Segment Start: SOURCE DATA

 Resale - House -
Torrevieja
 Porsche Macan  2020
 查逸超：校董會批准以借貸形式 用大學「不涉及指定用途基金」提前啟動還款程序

Segment End: SOURCE DATA
Segment Start: SOURCE DATA

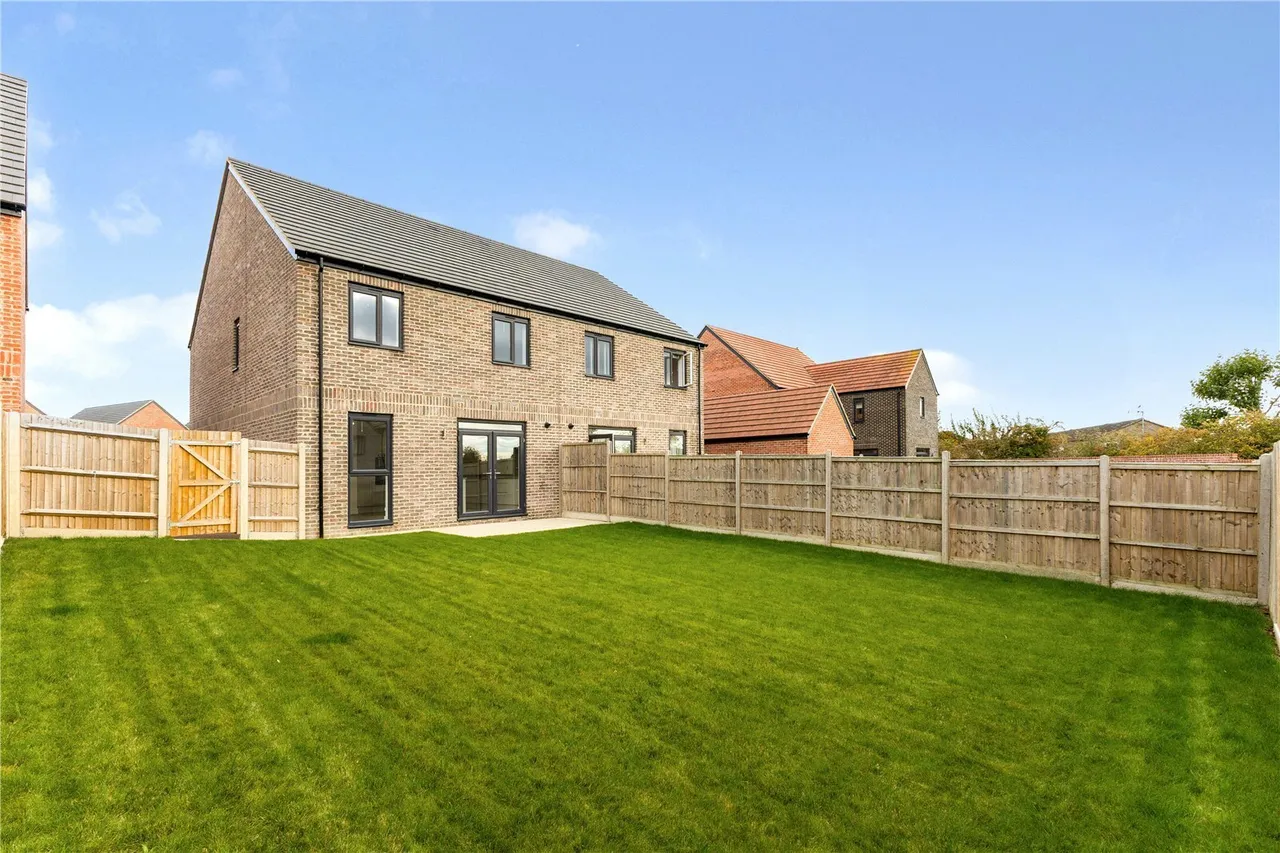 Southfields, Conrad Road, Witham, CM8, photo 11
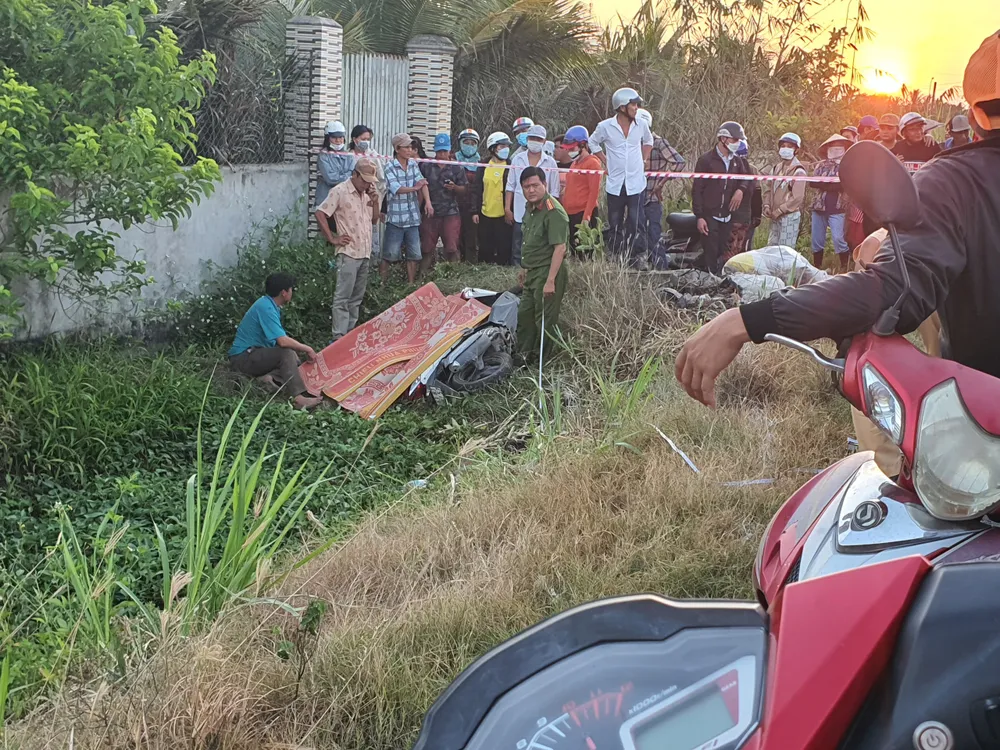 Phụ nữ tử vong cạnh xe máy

Segment End: SOURCE DATA

**WHAT NEEDS TO BE DONE**: From the line holding "Resale - House" to the line holding "查逸超：校董會批准以借貸形式 用大學「不涉及指定用途基金」提前啟動還款程序", inclusive, restate each line above exactly as written.

**REPLY**:
 Resale - House -
Torrevieja
 Porsche Macan  2020
 查逸超：校董會批准以借貸形式 用大學「不涉及指定用途基金」提前啟動還款程序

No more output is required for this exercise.